A comunicação social é favorável e parcial ao PS e à esquerda em geral, mas tambem isso está a mudar, hoje há mais aceitação e predisposição para surgirem mais partidos liberais, tambem sem dúvida  que na imprensa as coisas estão a mudar, apesar de existir o desfasamento de tratamentos, sendo mais favorável aos Socialismo do que à “direita”. Na comunicação social maioria das “relações” são de esquerda, exceptuando o Independente, anteriormente, e o Observador mais recentemente.

Pergunta 8) Os liberais tem que ser mais pragmáticos e menos sectários na actuação? Concordas?

Concordo em parte, antes não existiam partidos liberais, para seres tens que estar a trabalhar agora e passar da teoria à prática, e é o momento ideal para isso, claro que ainda não existindo formalmente partidos liberais e não estando nos jogos de poder, há uma tendência para ficarem na filosofia, na parte teórica sem serem objectivos, tem que ser mais politicamente incorrectos no debate! Serem mais práticos.

Pergunta 9) O que é para ti um Liberalismo Pragmático?

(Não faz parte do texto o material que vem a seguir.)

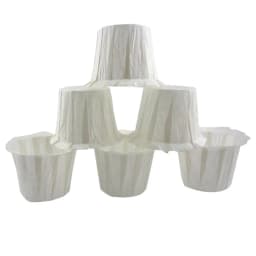 100Pcs Coffee Filter Papers Replacement White Coffee Paper Pod Disposable K Cup Filters Coffee Paper Pods for Keurig 1.0 2.0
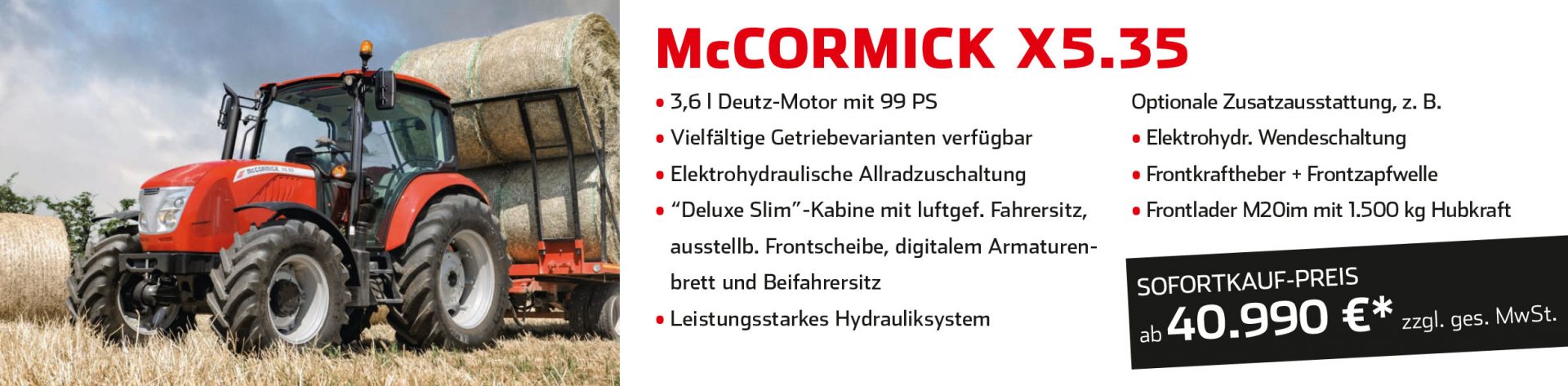 McCormick Sofortkauf-Aktion bei Land- und Gartentechnik Gstöttenmeier, Wartberg ob der Aist, Freistadt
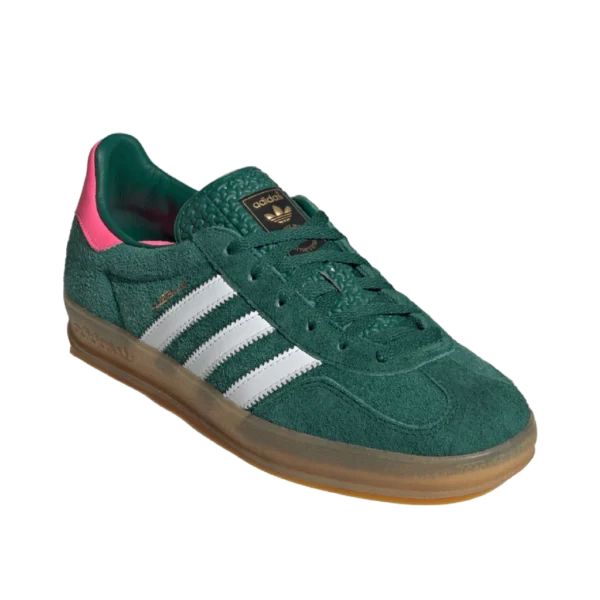 ⁦Adidas Gazelle Indoor Collegiate Green Lucid Pink⁩ – תמונה ⁦2⁩
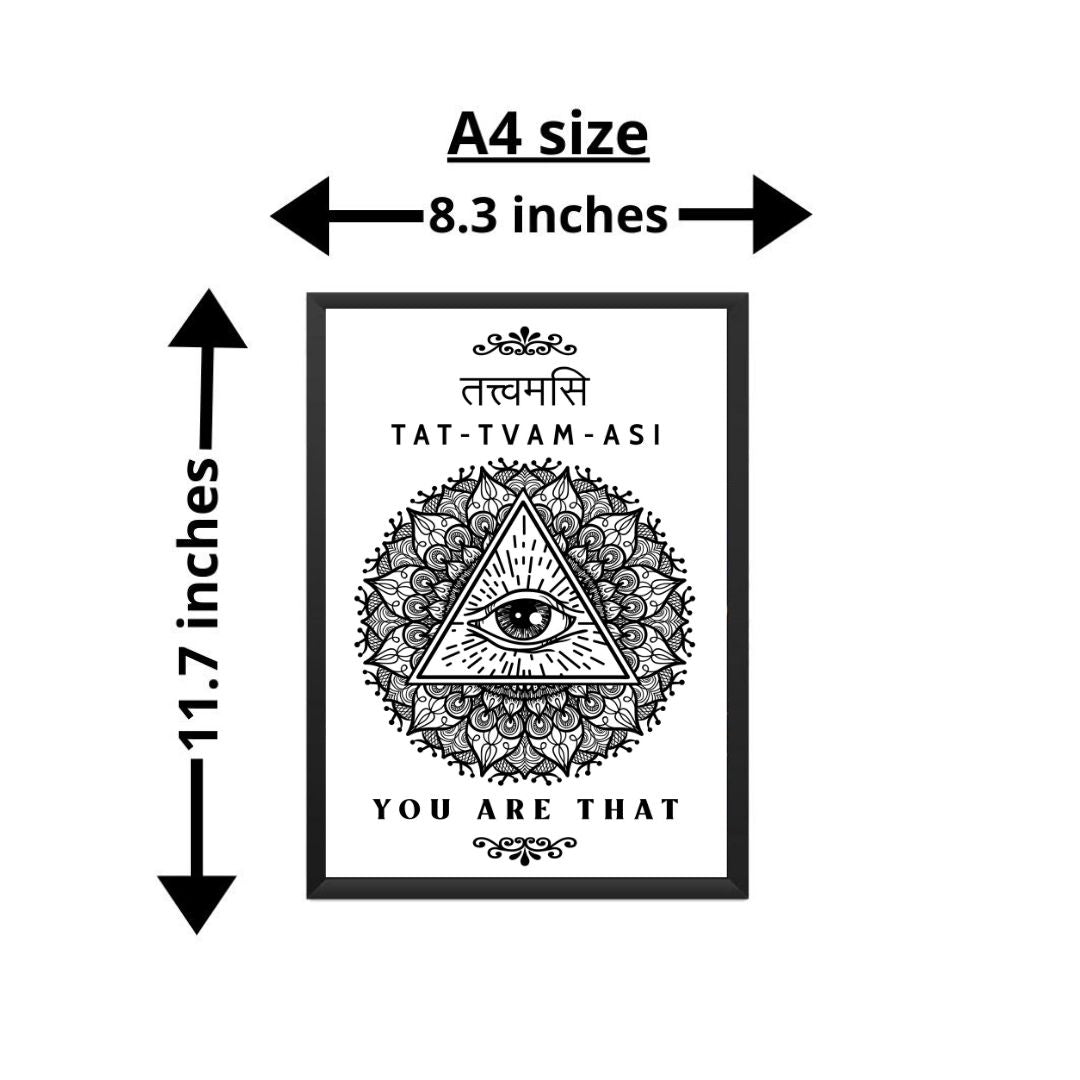 Tat-Tvam-Asi Sanskrit Quote Wall Art Framed Poster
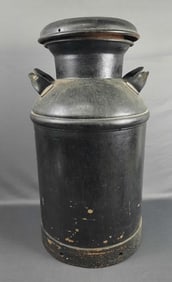 Vintage Large Metal Milk Dairy Jug Measures 25 inches x 13 inches. Please see images for details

Está um pouco ligado à aquilo que te já te disse anteriormente, precisamos de Partidos liberais em prática e não na teoria, que é o que conta, temos que criar uma onda positiva.

Pergunta 10) Achas que só o liberalismo pode salvar o País?

Acho! Porque sempre senti como pessoa de direita liberal, não me revendo na ala conservadora, que há no PSD e no CDS, faltava esta “terceira via” à direita que são pessoas que, em temos económico-financeiros, são por uma linha de menos intervenção do Estado, menos impostos, menos socialismo de Estado que já é algo anacrónico na sociedade portuguesa, por outro lado, nos costumes, somos igualmente liberais, achamos que o individuo é que deve escolher e não o Estado a interferir desde a quem queira casar, ao sal que usamos na comida e isto faz falta na direita Portuguesa. Temos reformas económicas a fazer, não temos que obrigar a Sociedade a viver no século passado, nós enquanto indivíduos donos do nosso corpo é que temos que decidir o que é melhor para nós, o Estado é um árbitro e não devia ser um jogador, é isto que temos de explicar às pessoas e que por vezes não sabemos explicar da melhor forma!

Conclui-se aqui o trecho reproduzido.